__WHAT TO PRODUCE__.
For this exercise, retype all the data exactly and exclude every image.

__DATA PROVIDED__.

==============================

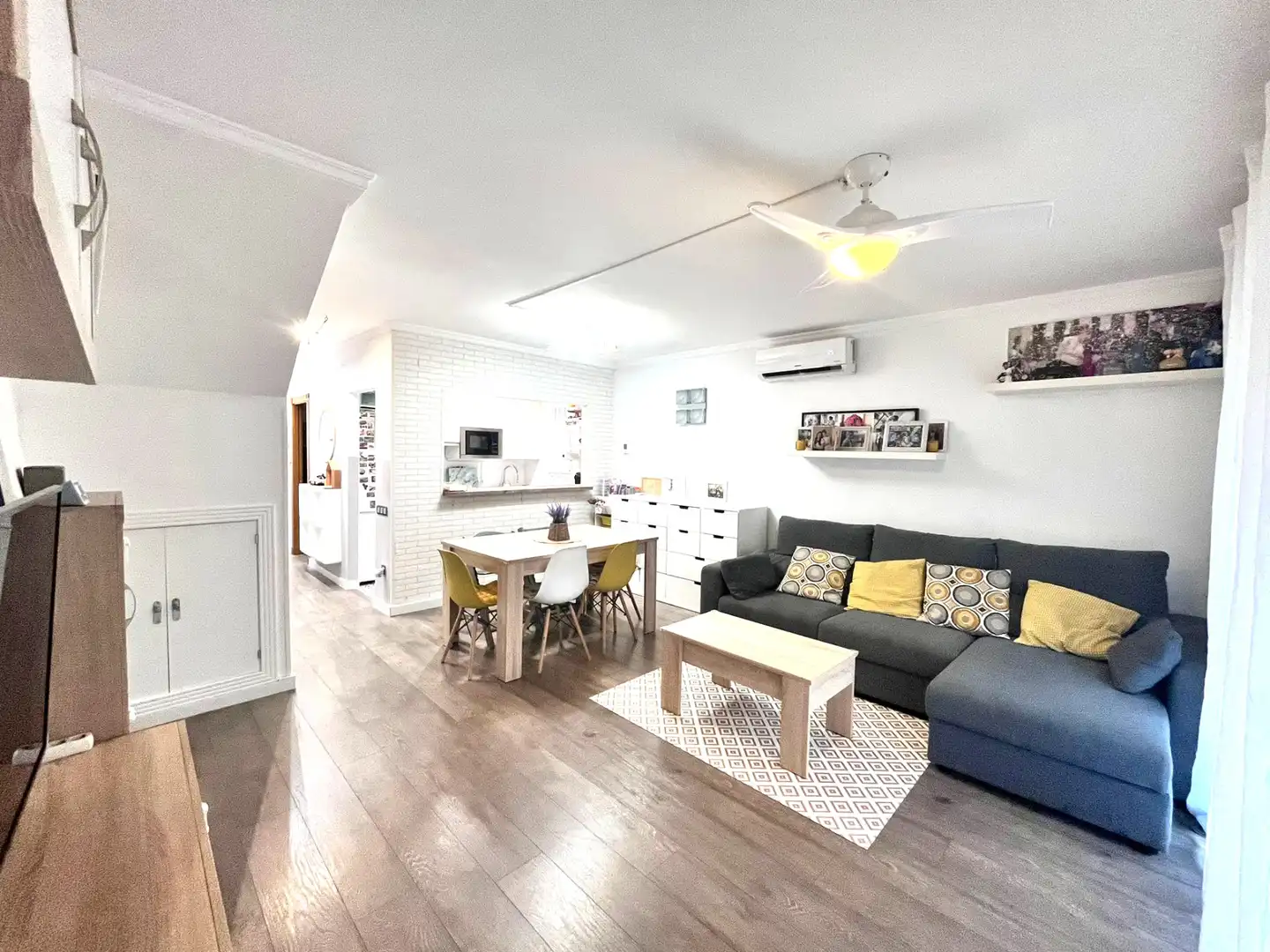 Sala de estar de Casa adosada en venta en Mont-roig del Camp con Aire acondicionado, Calefacción y Terraza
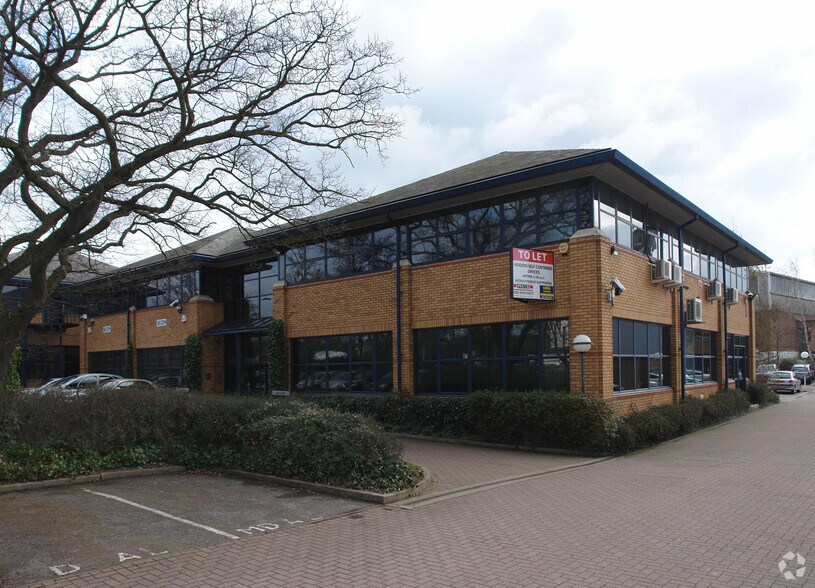Peregrine Rd, Ilford IG6 3SZ Office For Lease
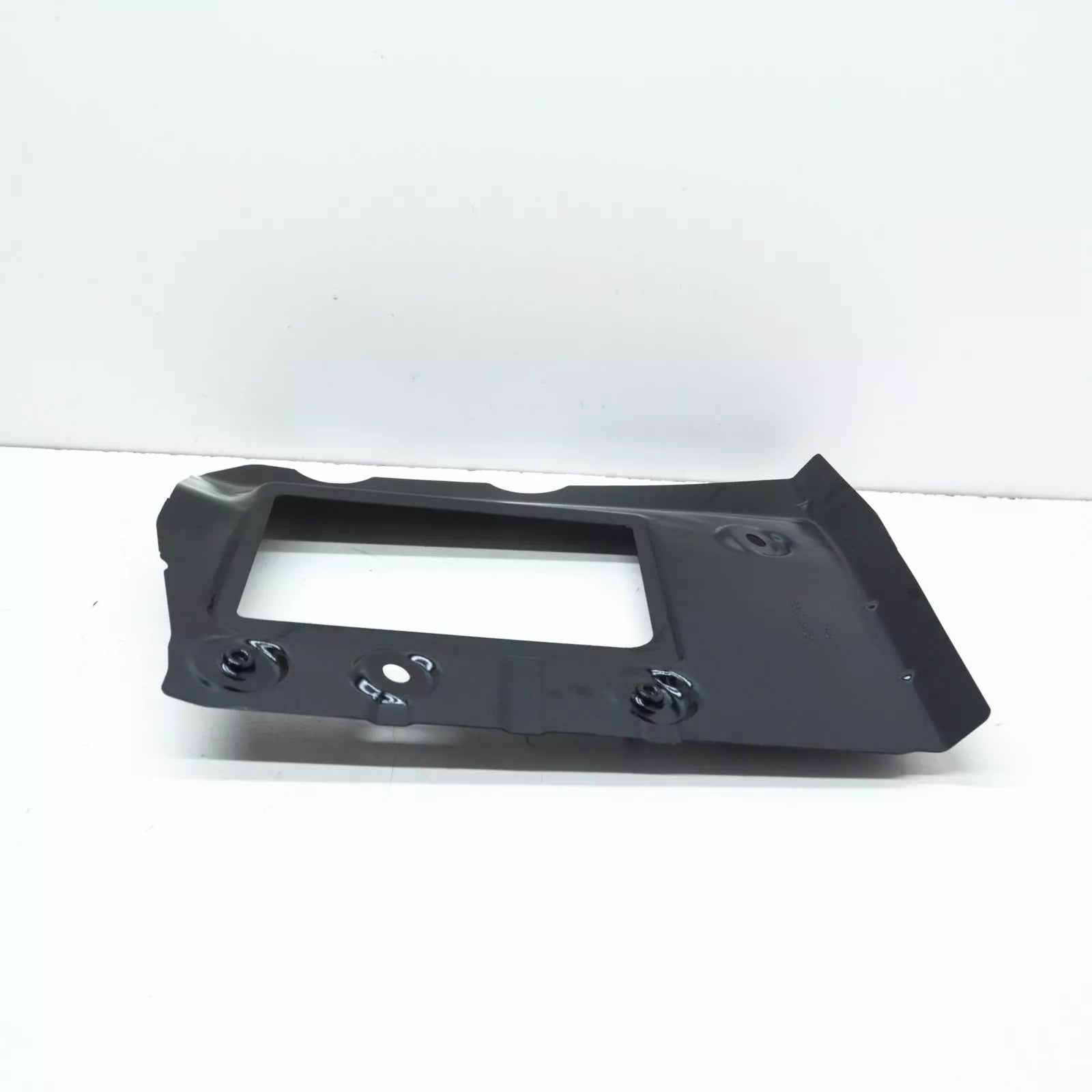 NEW BMW X5 G05 REAR RIGHT WHEELHOUSE EXTENSION 41007947136 ORIGINAL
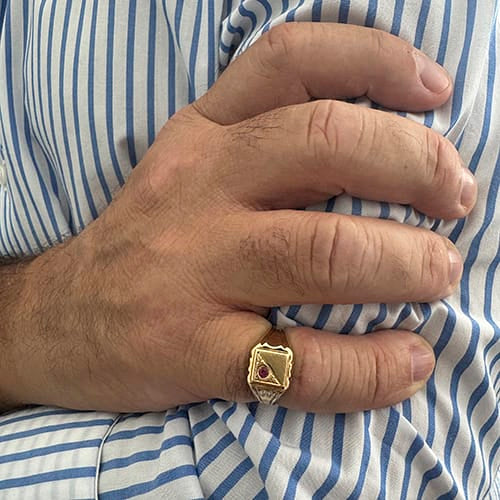 57 Chevalière homme en or jaune et rubis 58 Facettes 38245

==============================

__RESPONSE__.
 Sala de estar de Casa adosada en venta en Mont-roig del Camp con Aire acondicionado, Calefacción y Terraza
Peregrine Rd, Ilford IG6 3SZ Office For Lease
 NEW BMW X5 G05 REAR RIGHT WHEELHOUSE EXTENSION 41007947136 ORIGINAL
 57 Chevalière homme en or jaune et rubis 58 Facettes 38245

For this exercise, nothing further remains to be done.